My heart was beating out of my chest, I literally thought I was going to die of a freaking anxiety attack in the Molenvleit cold room. The engaged one lay peacefully soaking up the morning sunshine, blissfully unaware, while she waited for her curls to set. The Swiss Meringue Buttercream was now slowly splitting and turning to oily mush in my newly manicured hands. SHIT. The fact that my curls were now being set in vanilla mousse was beside the point!
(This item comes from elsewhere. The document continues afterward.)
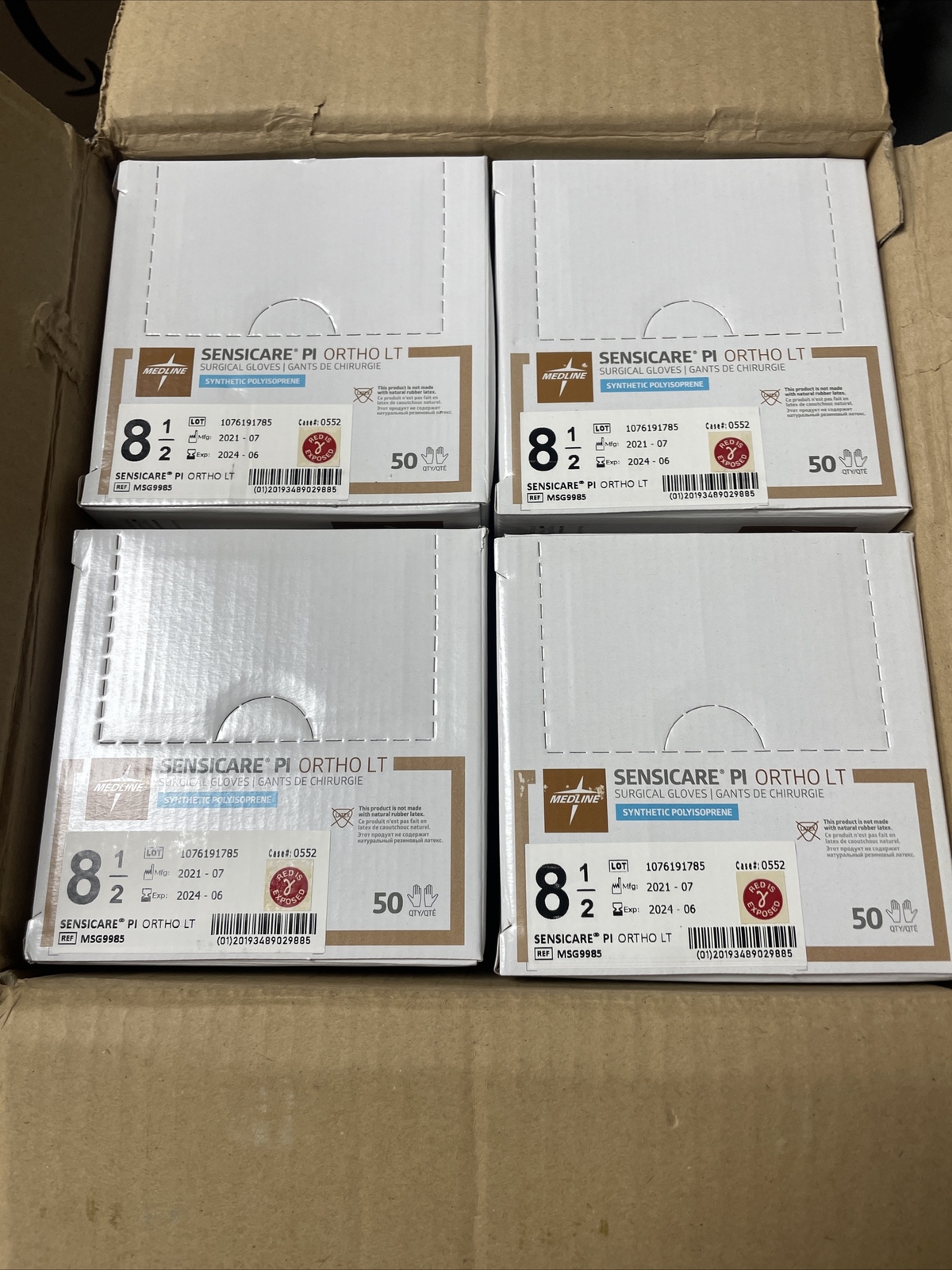 1 Case Sensicare Surgical Gloves PI ORTHO LT Synthetic Sterile Size 8.5 Exp 6/24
The 5 tier madame stood, smugly, on top of the pile of Champagne boxes (The Cake Boss would be horrified) and waited, impatiently, for the richness of the once satin icing to be draped over her buxom body. I had every intention of arriving on the big day,sandwiching the glorious chiffon layers together, adorning this little bridezilla in her velvet soft gown, tucking her lacy flowers behind her ear and sending her off with a slap on her vanilla flavoured bottom. I actually had a little laugh looking back at my naivete.
I never planned on it being about a thousand degrees in the shade, something that
the most temperamental icing on earth Swiss Meringue Buttercream absolutely hates! My final hour saw me crouched over in the Molenvliet cold room, icicles forming on my flared nostrils, frantically wielding my little spatula at anyone who dared open the door and upset the temperature of my operation. Hands shaking from fear that maybe I had bitten off more than I could chew, I could almost picture the Married one's face as her cake, was wheeled in starkers- I decided that this would not be an option. Like a bride possessed, I whipped that the most temperamental icing on earth Swiss Meringue Buttercream until every one of my new pilates muscles (thanks Max) was on fire and my icing had returned to its former, dreamy glory! By now my curls were hanging somewhere around my ankles! Slowly but surely my frantic mother and I draped that rich little cow into her lacy gown, gasping as we finally took a step back, stunned by the beauty that was my home made creation.